Crock Pot Macaroni and Cheese

This is my Aunt Lynnette's recipe and I've loved it for as long as I can remember. I've always been pretty picky about my mac n' cheese. I'm all about real cheddar, real butter, and real rich flavors. My littles like to eat the blue box macaroni on occasion. Bleh. Not me. 
Anyway. This is a recipe any mac n' cheese lover will enjoy. It's super simple and easy to dress up or down according to your own preferences. 

Crock Pot Macaroni and Cheese

1 (8-oz) box elbow macaroni (this is 2 c. dry)
1 stick of butter 
2 1/2 c. sharp cheddar
2 eggs, beaten
1 (12-oz) can evaporated milk
1 1/2 c. milk

Place stick of butter in the crock pot. Cook and drain the macaroni.

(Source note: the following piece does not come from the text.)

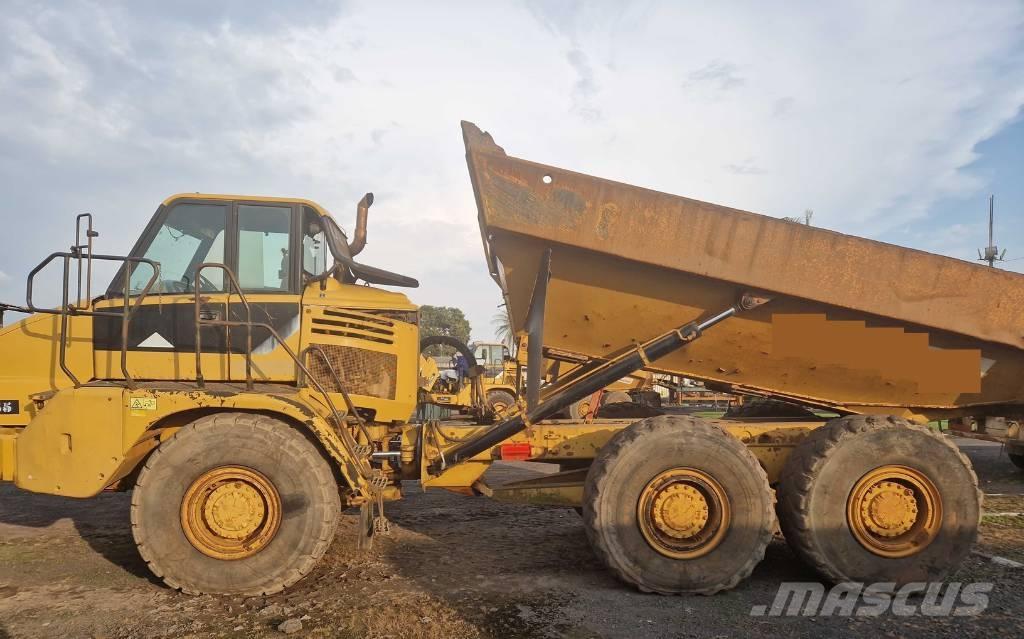 CAT 730 鉸接式起吊車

Pour over the butter in crock pot. Add 2 cups of cheese and stir. Add evaporated milk, beaten eggs, regular milk, salt and pepper to taste. Stir. Top with remaining 1/2 cup pf cheese and cover. Cook 3 hours on LOW heat.

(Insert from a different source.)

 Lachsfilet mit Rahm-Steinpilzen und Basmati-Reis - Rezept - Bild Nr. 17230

 This is an awesome side dish to take to a party but it makes a great main course as well. 
Try adding ham and/or fresh tomato slices! Or make a mac n' cheese bar! Set out extra cheese, diced ham, sliced green onions, tomatoes, crumbled bacon, cooked chorizo (our favorite!) etc.

My crockpot tends to run  hot so I've found I need to cut the cook time to 2 1/2 hours or so. The macaroni pictured above was actually cooked for three hours. Had I gotten to it and turned it off sooner it would have been a bit creamier. It's still delish though! Just keep in mind you may need to adjust the cook time depending on the disposition of your crockpot.

You can use any combination of cheese that you'd like. The cheesier the better, I say!

You can add additional seasonings to change things up a bit. I almost always add some chicken boullion and a dash of cayenne or hot sauce.
 I used Pampered Chef's dijon mustard blend once and it turned out wonderfully!